Comments (7)
@coiby , to use a custom dictionary, you could use original_lesk()
where you can input your own dictionary:
from nltk import word_tokenize
from pywsd.lesk import original_lesk
dictionary = {'reflex.a.1' : 'Physiology. noting or pertaining to an involuntary response to a stimulus, the nerve impulse from a receptor being transmitted inward to a nerve center that in turn transmits it outward to an effector.',
'reflex.a.2' : 'occurring in reaction; responsive.',
'reflex.a.3' : 'cast back; reflected, as light, color, etc.',
'reflex.a.4' : 'bent or turned back.',
'reflex.a.5' : 'designating a radio apparatus in which the same circuit or part performs two functions.',
'reflex.n.1' : 'Physiology. Also called reflex act. movement caused by a reflex response. Also called reflex action. the entire physiological process activating such movement.',
'reflex.n.2' :'any automatic, unthinking, often habitual behavior or response.',
'reflex.n.3' : 'the reflection or image of an object, as exhibited by a mirror or the like.',
'reflex.n.4' : 'a reproduction, as if in a mirror.',
'reflex.n.5' : 'a copy; adaptation.',
'reflex.n.6' : 'reflected light, color, etc.',
'reflex.n.7' : 'Historical Linguistics. an element in a language, as a sound, that has developed from a corresponding element in an earlier form of the language'}
# Tokenize your definitions from the custom dictionary.
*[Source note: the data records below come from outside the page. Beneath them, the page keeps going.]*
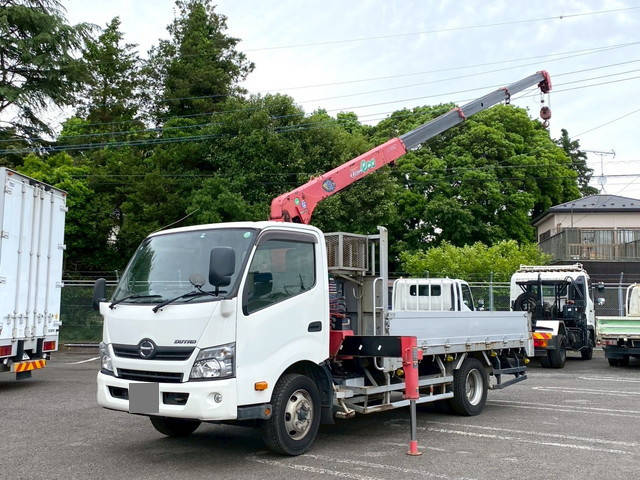 HINO Dutro Truck (With 4 Steps Of Cranes) SKG-XZU710M 2011 522,353km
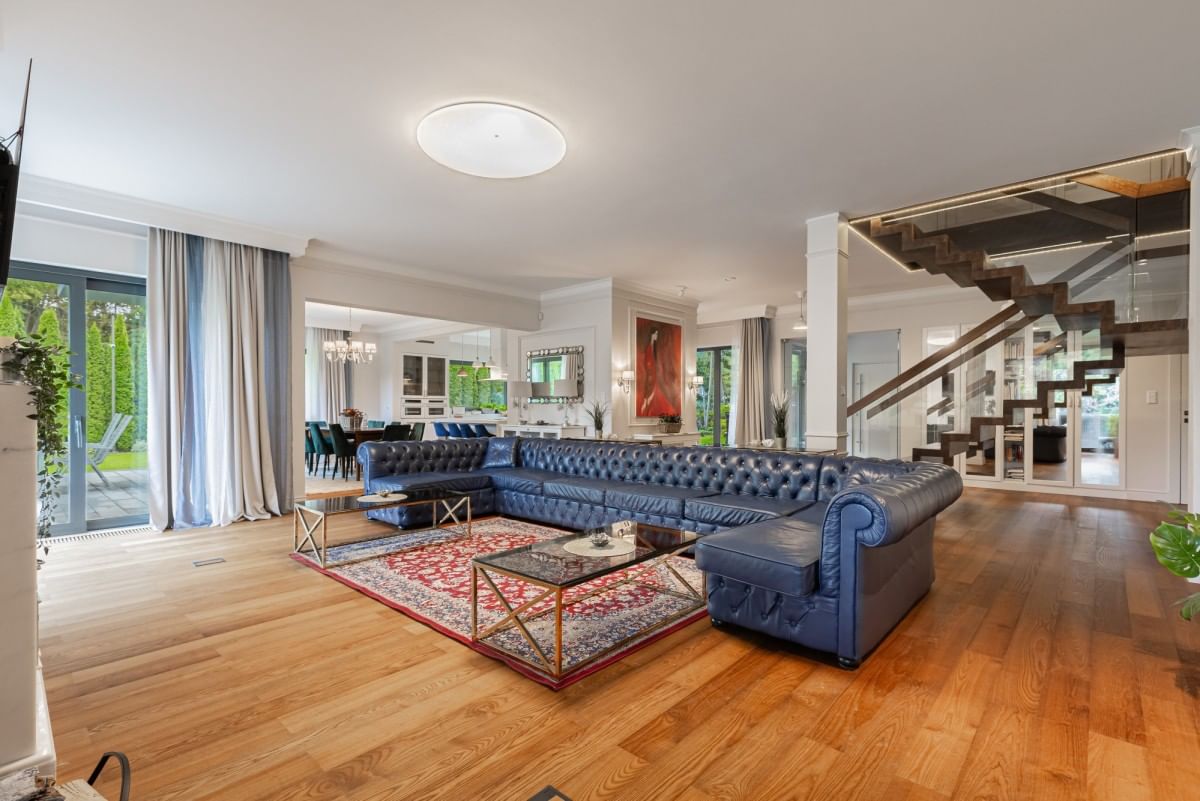 Dom 9 pokojowe na Sprzedaż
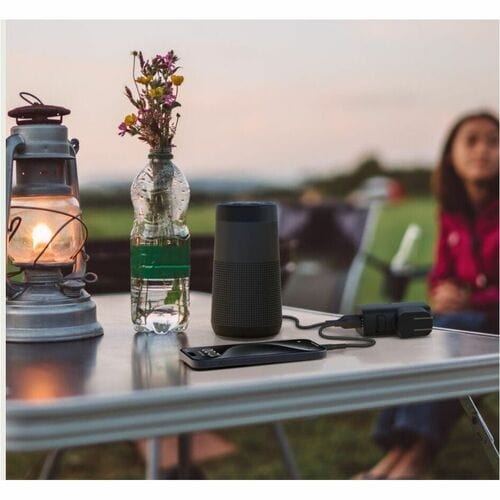 Belkin Hybrid Wall Charger and Power Bank Travel Kit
# It's a weird step (possibly, i should change the function
# to do this automatically)
dictionary = {k:" ".join(word_tokenize(v)) for k,v in dictionary.items()}
context = "Virtual assistants also require a conscious decision to stop doing the current task and actively seek out the virtual assistant, which is a reflex many users haven't developed."
context = " ".join(word_tokenize(context))
disambiguated = original_lesk(context, 'reflex', dictionary)
print disambiguated
print dictionary[disambiguated]
[out]:
reflex.n.7
Historical Linguistics . an element in a language , as a sound , that has developed from a corresponding element in an earlier form of the language
Note that the original lesk is flawed, hence the various version of lesk.
But do note that a dictionary has many sense per word like a synset so when you build your custom dictionary you need 1 key-value pair per sense and not per word.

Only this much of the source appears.